Why This Blog?

    This blog is designed to be a place where the mind can freely stretch. If you are accustomed to confining your mind to close quarters, then you will find this blog an uncomfortable place. It is entitled 'Methinks' because these are my musings. I am not setting forth new doctrines. Rather, I am allowing myself to ponder whether old truths have been forgotten or misunderstood, and whether we have developed our own liturgy the same way a horse cart wears a path in a quaint rural road.  
   Here, in this blog you are free to express. The only requirement is that contributions represent a true exchange of ideas, not biases, or emotional responses.
Andrew

Sunday, April 27, 2008

Claudia

Here's an interesting question. Where did Her dream come from. ? She told her husband, Pilate, not to have anything to do with him. She suffered much in a dream because of him. We have always assumed that the dream comes from God, but what if this is not true. It would explain a lot. First, it may be just semantics, but God doesn't seem to torment through dreams. that's not his MO. Satan on the other hand, has no scruples, as witnessed by demon possession. Secondly, if Pilate had heeded her warning, he would have presumably freed Jesus, but that would have worked against the plan of God. Would God have given an influence to someone that would prompt them to make a decision that prevented salvation? Not likely. I have a theory but that will come later...

Tuesday, April 22, 2008

Speak where the bible speaks, silent where the bible is silent

   This sentiment was first stated by Thomas Campbell. It was a thought to summarize why people wanted to leave denominations, and the numerous creeds and confessions that accompanied them. It is interesting. type this into a search engine and you will pull up website after website belonging to a ‘CHURCH OF CHRIST’. Perhaps this is a noble ideal, but it is interesting that one man’s phraseology against creeds has almost become a creed in and of itself, the unofficial confession of the ‘churches of Christ’

Saturday, April 5, 2008

The right 'Man' is on the throne

   I believe our vision of reality is similar to our physical vision. Our eyes see such a narrow bandwidth of frequency. I wonder what colors we will see when God gives us superior bodies. When our spiritual vision intersects our political beliefs, we often assume that what we see is all that there is to see.
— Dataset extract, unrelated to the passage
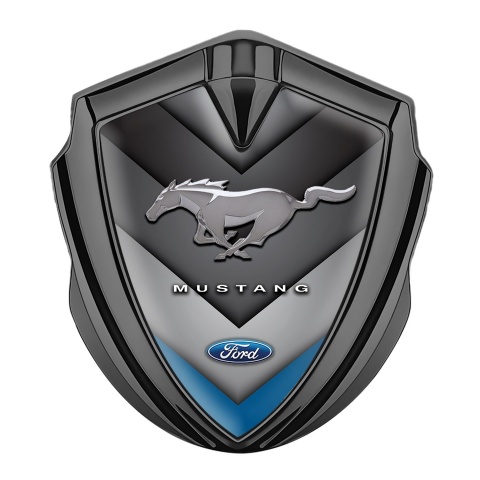 Ford Mustang Fender Emblem Badge Graphite V Shaped Elements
This is one of the causes of judgmentalism.
   Most of the people who read this will have been one of the people in the following scenario: A religious person who judges another for not voting. Which one are you? Do you think you have achieved a higher spiritual level because you vote? Perhaps you did not feel the urge to vote, or had a conscience against it and someone pressured you to do your “civic duty” (by which they imply ‘Christian duty’). Consider the scenario that will play out this year. regardless of who receives the Democratic nomination the platform is the same. The Republicans have nominated the most liberal candidate since Gerald Ford. In the last few elections the republican party has maintained fewer and fewer moral planks. There is only one great cry this year: Judges. That is all we have to hang our hat on.
  On one hand we will always state that God is in control, but then we will lament what would happen if ‘the wrong man were elected’. As if God is only in control when the man we think is the right man wins. Was God on vacation when Bill Clinton was elected? Was he in His 'inner chamber' when Clinton was re-elected? I believe that our vision is not large enough to see the purpose of God, probably the same way the Jews could not understand the victories of Assyria, Babylon, or the Roman empire.
  The right man will win this year.  

There is nothing that your vote can do to change that.  


All that is left is for us to wait for history to unfold and reveal why he/she was the right one.